(Information shown begins)

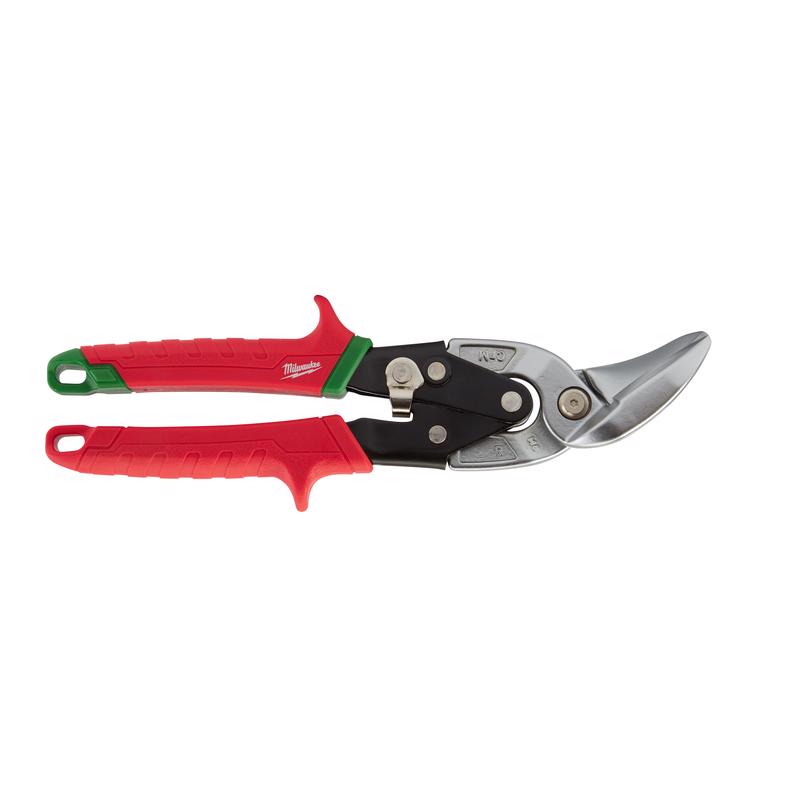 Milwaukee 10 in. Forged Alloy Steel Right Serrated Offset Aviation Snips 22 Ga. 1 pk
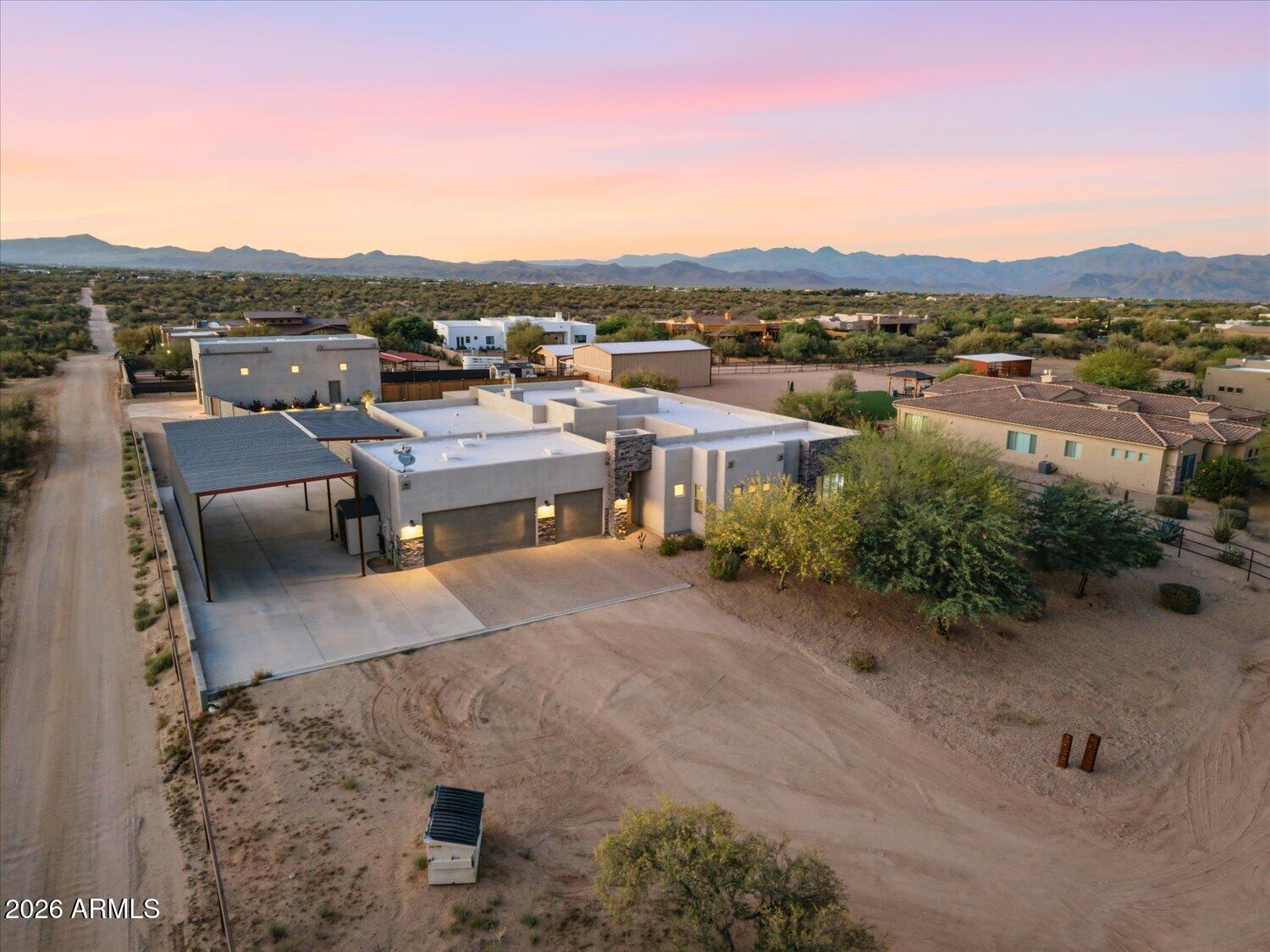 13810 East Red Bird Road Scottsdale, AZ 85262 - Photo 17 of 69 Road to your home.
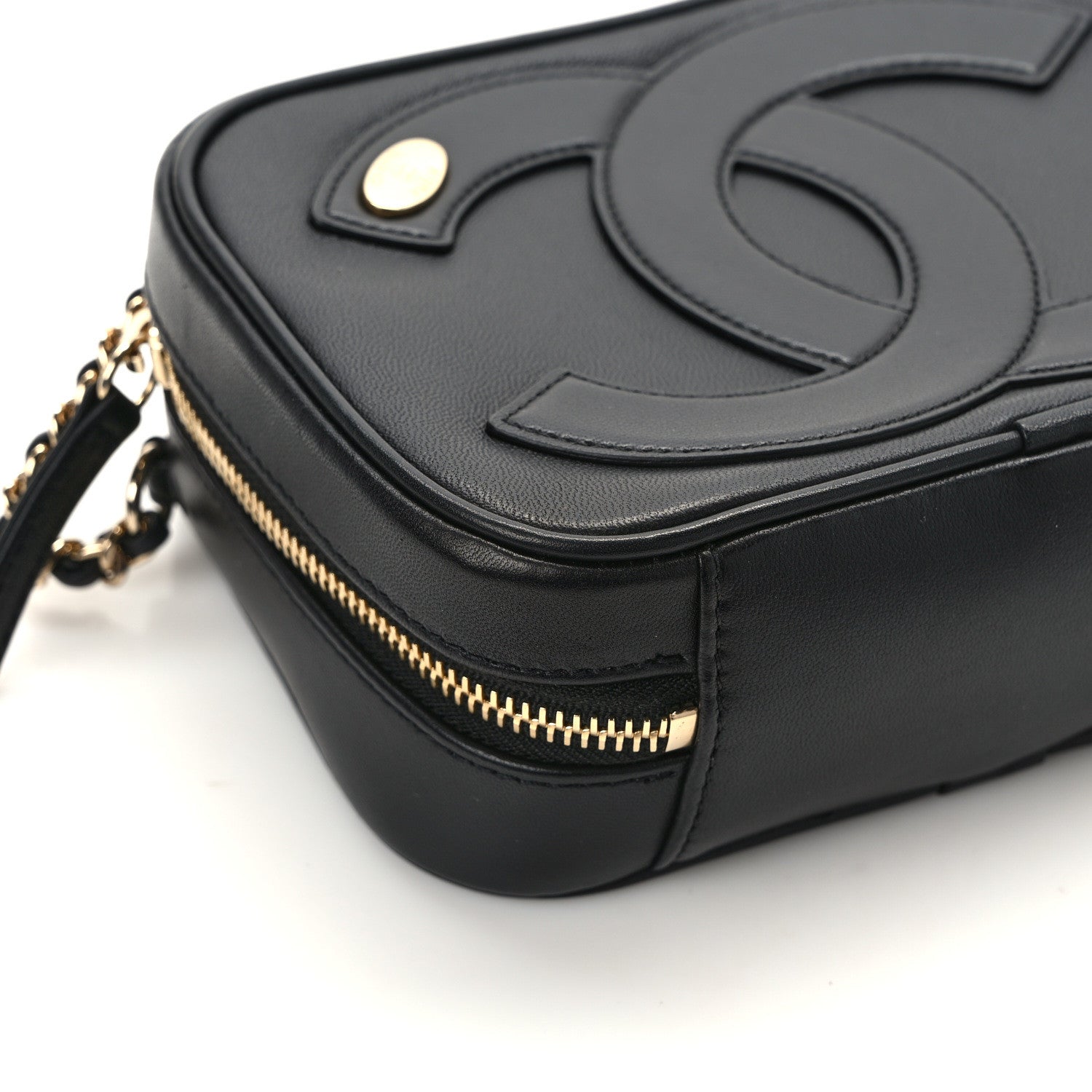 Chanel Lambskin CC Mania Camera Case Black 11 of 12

(Information shown ends)

Aim of the exercise:
The pictures are to be omitted, and the rest of the listing is to be transcribed exactly.

Answer:
 Milwaukee 10 in. Forged Alloy Steel Right Serrated Offset Aviation Snips 22 Ga. 1 pk
 13810 East Red Bird Road Scottsdale, AZ 85262 - Photo 17 of 69 Road to your home.
 Chanel Lambskin CC Mania Camera Case Black 11 of 12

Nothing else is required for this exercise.